**SUPPLIED DATA:**
**********

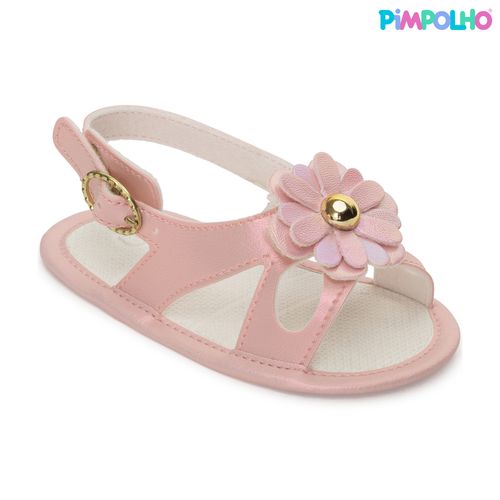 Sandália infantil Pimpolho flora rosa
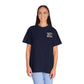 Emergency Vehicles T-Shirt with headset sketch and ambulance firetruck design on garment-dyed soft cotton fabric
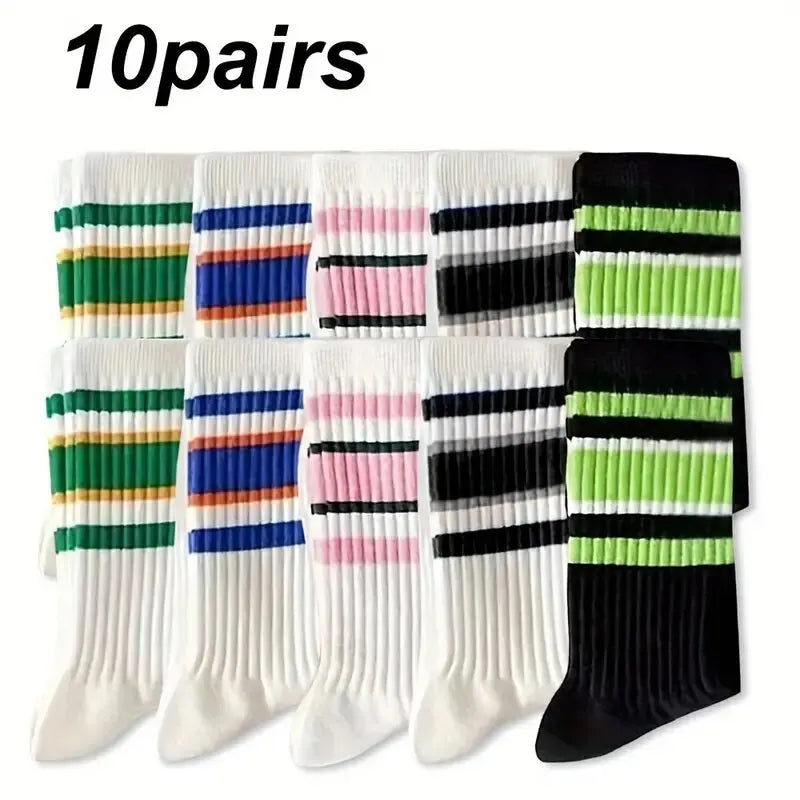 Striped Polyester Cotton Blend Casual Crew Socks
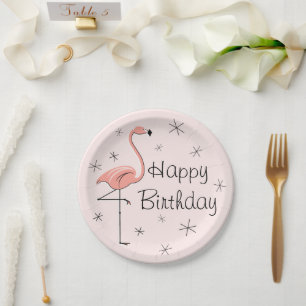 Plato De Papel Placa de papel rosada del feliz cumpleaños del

**********

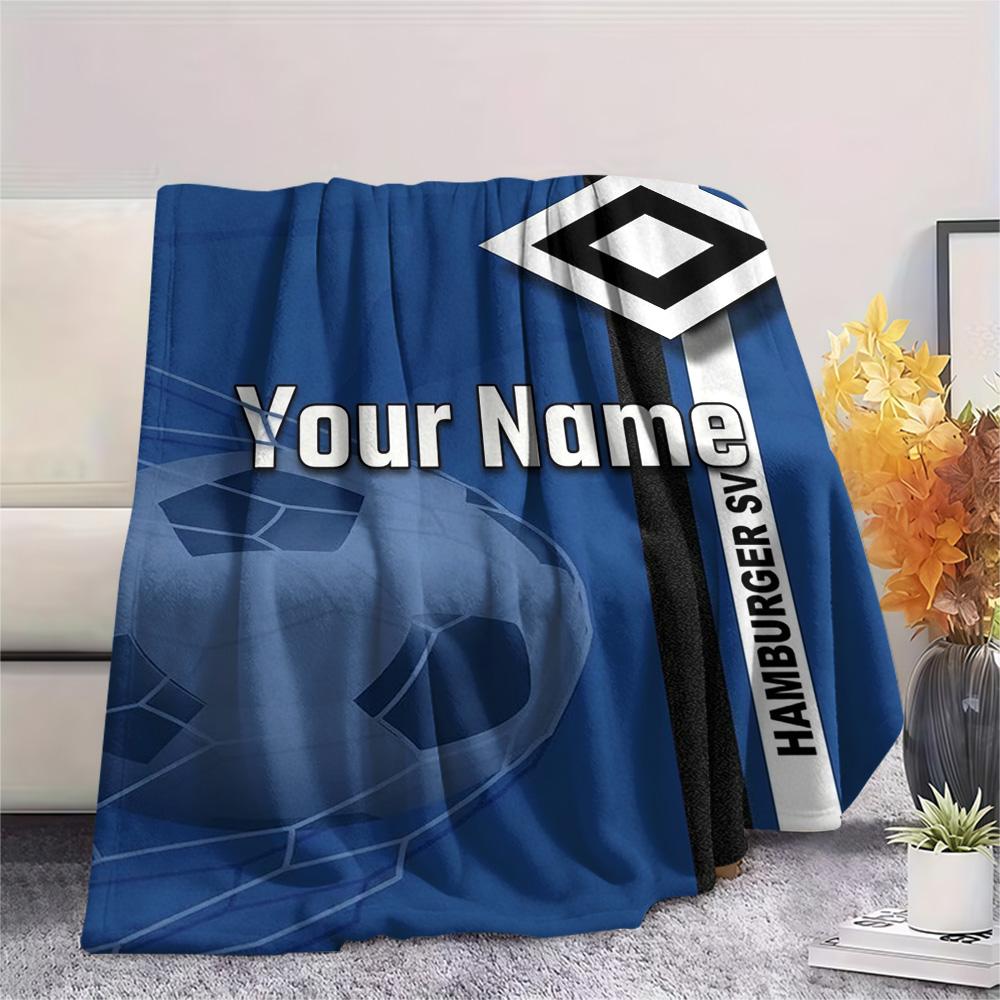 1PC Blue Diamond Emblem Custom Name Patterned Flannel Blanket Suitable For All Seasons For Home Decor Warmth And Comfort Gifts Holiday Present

**********

**EXERCISE DETAILS:** The response must repeat exactly the lines above from the one with "Striped Polyester Cotton" through the one with "Plato De Papel", including both, and must contain no pictures and no other text.

**TASK SOLUTION:**
 Striped Polyester Cotton Blend Casual Crew Socks
 Plato De Papel Placa de papel rosada del feliz cumpleaños del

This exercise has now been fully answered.